A common example, according to Mintz, is a pharmaceutical company sponsoring an event that provides food and drink to medical professionals.
“If you look at doctors, you’ll be told that you can’t buy at the price of pizza, you can’t buy at the price of sandwiches,” Mintz said. Studies in the United States Doctors who received a meal promoting a drug of interest found that they averaged less than $ 20 (AU $ 29) and were significantly more likely to prescribe the drug compared to generics of similar quality. rice field.
The study also said, “More meals were provided. Doctors are more likely to prescribe the product.”
Mintz said the decision may not be conscious, but “we are all human and tend to be reciprocal, whether conscious or not.”
“Companies are also considering the rate of return on investment in marketing activities, and we can expect that they will not continue marketing activities that were ineffective in terms of stimulating sales.”
Prior to 2015, Medicines Australia required the publication of each event hosted by a member company. This includes event information such as the number of health care professionals, attendees, spending, and spending on food. A much more common drink.
In addition, from 2011-2015 Medicines Australia data, the Mints team found that, on average, corporate-sponsored drug events are held in hospitals and universities. More than 600 times a weekAn average of 30 participants per event.
However, since October 2015, Medicines Australia has changed its code of conduct to require payment of food and drink, so it now reports companies that list only the clinicians who funded it.
This increases transparency regarding the identification of individual healthcare professionals, Subsequent research led by the University of Sydney In 2016, disclosed spending fell by 34.1%, and spending reports fell the following year.

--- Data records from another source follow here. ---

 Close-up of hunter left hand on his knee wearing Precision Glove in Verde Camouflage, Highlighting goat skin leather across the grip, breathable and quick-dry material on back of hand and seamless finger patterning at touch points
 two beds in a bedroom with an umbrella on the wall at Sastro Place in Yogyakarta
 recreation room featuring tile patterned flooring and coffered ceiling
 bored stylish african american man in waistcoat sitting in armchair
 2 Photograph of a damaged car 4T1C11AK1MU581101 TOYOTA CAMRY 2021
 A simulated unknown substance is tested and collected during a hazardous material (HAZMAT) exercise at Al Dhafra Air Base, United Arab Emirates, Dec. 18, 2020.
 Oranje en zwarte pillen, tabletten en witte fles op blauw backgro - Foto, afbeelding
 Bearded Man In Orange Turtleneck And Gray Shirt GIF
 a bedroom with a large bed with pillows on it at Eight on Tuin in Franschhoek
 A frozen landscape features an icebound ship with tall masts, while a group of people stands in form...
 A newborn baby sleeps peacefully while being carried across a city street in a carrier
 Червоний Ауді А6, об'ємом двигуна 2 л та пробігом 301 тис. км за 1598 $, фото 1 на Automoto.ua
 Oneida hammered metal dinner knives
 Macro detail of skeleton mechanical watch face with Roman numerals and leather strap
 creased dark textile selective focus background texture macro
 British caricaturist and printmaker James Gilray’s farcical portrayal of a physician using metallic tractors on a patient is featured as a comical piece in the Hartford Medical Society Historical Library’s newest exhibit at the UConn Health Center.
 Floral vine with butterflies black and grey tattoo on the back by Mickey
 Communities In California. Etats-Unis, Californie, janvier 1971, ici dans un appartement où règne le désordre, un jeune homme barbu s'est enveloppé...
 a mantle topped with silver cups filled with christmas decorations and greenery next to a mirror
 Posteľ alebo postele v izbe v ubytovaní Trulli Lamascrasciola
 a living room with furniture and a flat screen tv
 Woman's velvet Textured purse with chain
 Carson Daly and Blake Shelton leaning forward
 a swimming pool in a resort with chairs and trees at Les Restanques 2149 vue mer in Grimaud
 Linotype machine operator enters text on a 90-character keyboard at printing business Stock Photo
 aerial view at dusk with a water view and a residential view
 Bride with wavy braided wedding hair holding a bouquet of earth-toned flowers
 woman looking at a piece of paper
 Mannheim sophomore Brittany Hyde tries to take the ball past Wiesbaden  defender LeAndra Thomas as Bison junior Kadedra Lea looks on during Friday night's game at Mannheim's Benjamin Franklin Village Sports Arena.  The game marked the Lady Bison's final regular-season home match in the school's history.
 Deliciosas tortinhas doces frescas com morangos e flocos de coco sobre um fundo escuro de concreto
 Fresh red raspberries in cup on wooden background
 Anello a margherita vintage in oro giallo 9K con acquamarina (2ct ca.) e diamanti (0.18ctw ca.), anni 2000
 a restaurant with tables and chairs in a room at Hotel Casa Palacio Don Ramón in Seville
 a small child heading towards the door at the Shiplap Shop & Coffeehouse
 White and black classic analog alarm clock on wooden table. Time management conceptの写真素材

Underreporting of conflicts of interest in pharmaceutical research
Pharmaceuticals Australians changed in 2015, but Mints Recent co-authored research Underreporting of conflicts of interest by medical professionals raises further questions about the limitations of the self-assessment system.
The team investigated published data from Medicines Australia and found that when the research team received commercial funding, nearly half of the drug trials by Australian authors omitted or incompletely declared their interests.
“Sure, it doesn’t seem like one or two bad apples are hiding a conflict of interest. It seems like it’s a fairly widespread situation,” she said.
Mints suggested that there may be a lack of “understanding” of the importance of full disclosure of conflicts of interest throughout the scientific and publishing process, drawing further attention by authors and journal editors.
“As these databases are published and companies are reporting payments, authors need to systematically check themselves in the databases to make sure they are fully reported,” she says. I did.
“This is just an important element of trust and integrity in science.” Reporting industry funding is the “standard for medical research as a whole.”